Neither is surprising in this world of instant lawsuits.
These actions are also in Boeing’s corporate culture.
But in a major shift in corporate tone, Boeing CEO Dennis Muilenburg last Thursday issued a video in which he said Boeing “owns” the MAX accidents. This is very un-Boeing. (It will be interesting, however, to see how Boeing’s legal team responds to the lawsuits.)
I’m reminded of the last time the 737 was involved in two mysterious crashes in which Boeing blamed the pilots in one of them. The causes of the two accidents turned out to be placed squarely on the airplane, however.
In the cases of United Airlines 737-200A Flight 585 and US Air 737-300 Flight 427, crashes three years apart in Colorado Springs and Pittsburgh, the airplanes were on approach for landing.
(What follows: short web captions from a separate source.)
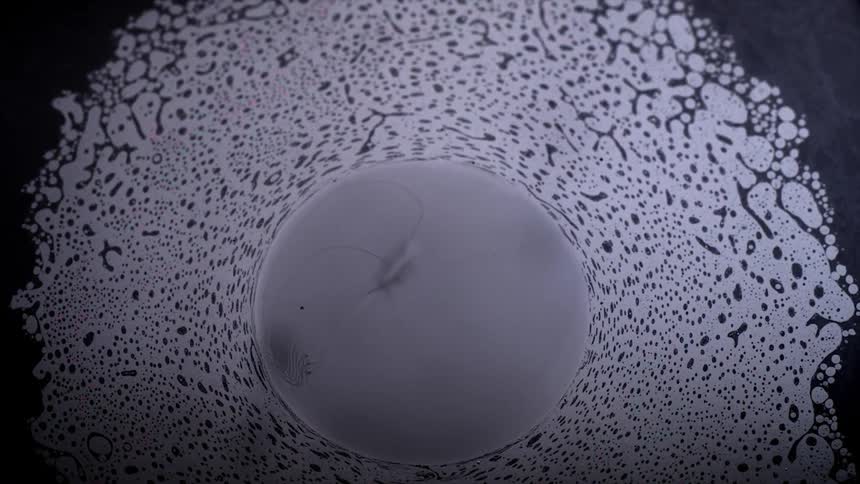 An ink bubble becomes larger in a sea of ink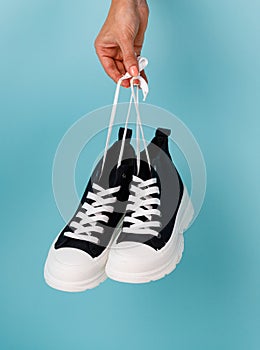 Stylish and fashionable model of black and white sneakers on blue background.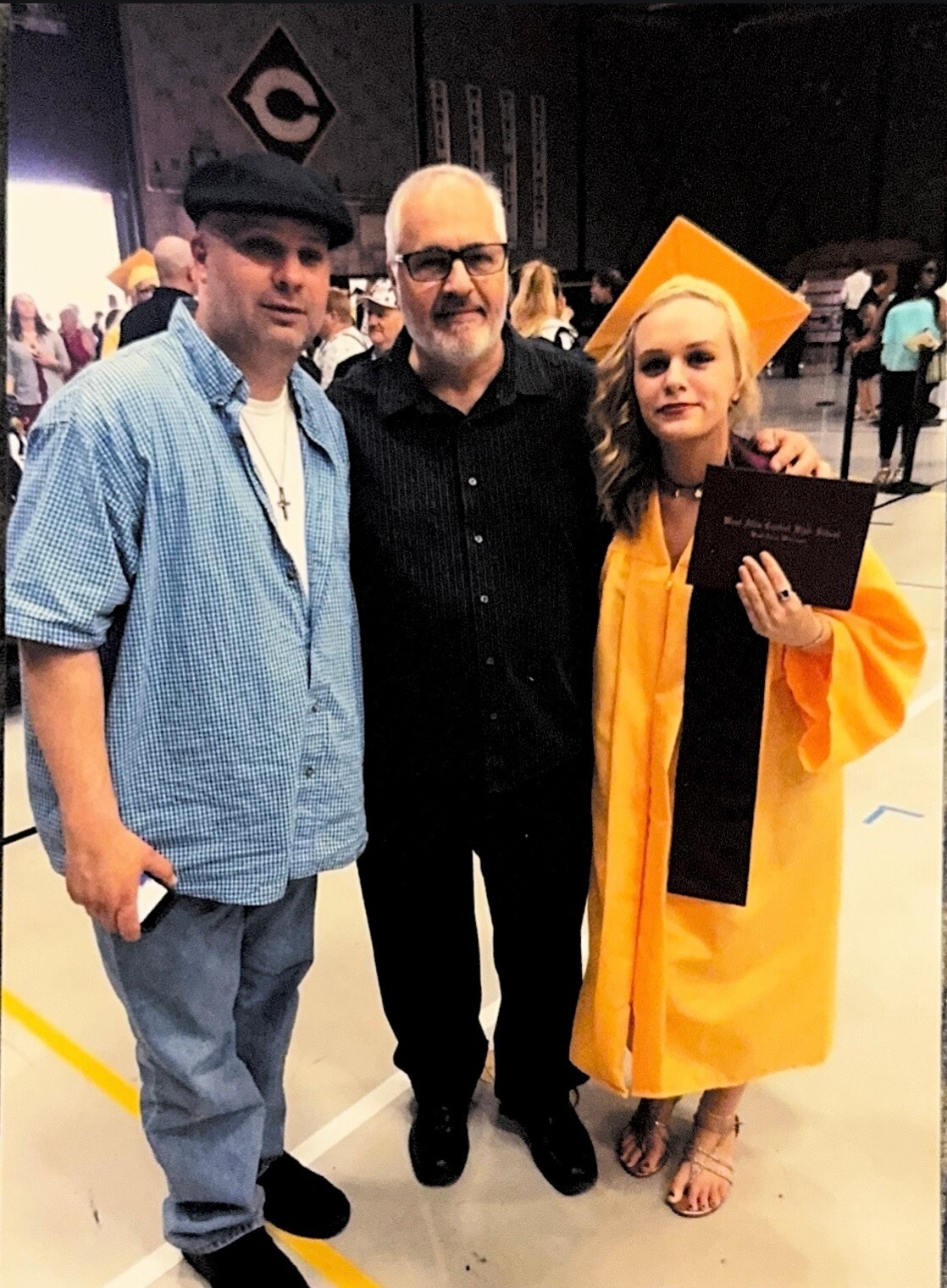 Graduate in orange cap and gown posing with two men at a graduation ceremony, holding a diploma.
Without warning, the aircraft made a sharp turn and dove into the ground, killing all aboard.
The investigators were stymied and Boeing blamed the US Air pilots. Two years after the US Air crash, an Eastwind Airlines 737-200A experienced a rudder hardover. The incident occurred at cruising altitude and the flight recovered.
A valve controlling the rudder proved to be the causes of the two fatal crashes and the Eastwind incident.
Adair’s book details the investigations and the tests that led to the discovery there was a problem with the value and the airplane itself. It also details Boeing’s corporate stances, blaming the pilots.
So when Boeing initially blamed the pilots of Lion Air, it wasn’t a surprising corporate response. Nor, in fairness, was it especially surprising about Lion Air, which has a bad reputation for safety. The European Union even banned the airline from its skies.
Boeing’s response blaming the Lion Air pilots got all kinds of blow back. It was restrained after the Ethiopian accident, with no fingers pointed to the pilots—at least not directly.
Officials steadfastly stood behind the airplane, even as they began working on a software upgrade shortly after JT610 and right through the ET302 crash and beyond. Nothing was wrong with the design of the MCAS stall recovery system, they said. The upgrade would merely make the system more “robust.” It would make a safe airplane even safer, Boeing said. (One critic noted that a plane is either safe or it isn’t.)
Boeing is limited as to what it can say, under rules of being a party to investigations. This puts it in a difficult position to comment, though it did blame the pilots and defend the airplane. Its corporate lawyers undoubtedly are driving everything that is said. (This is often the case even outside of accidents.)
Muilenburg’s message last week hit the right tone. It’s a refreshing change in Boeing’s usual response. It’s tragic that it’s come under these circumstances.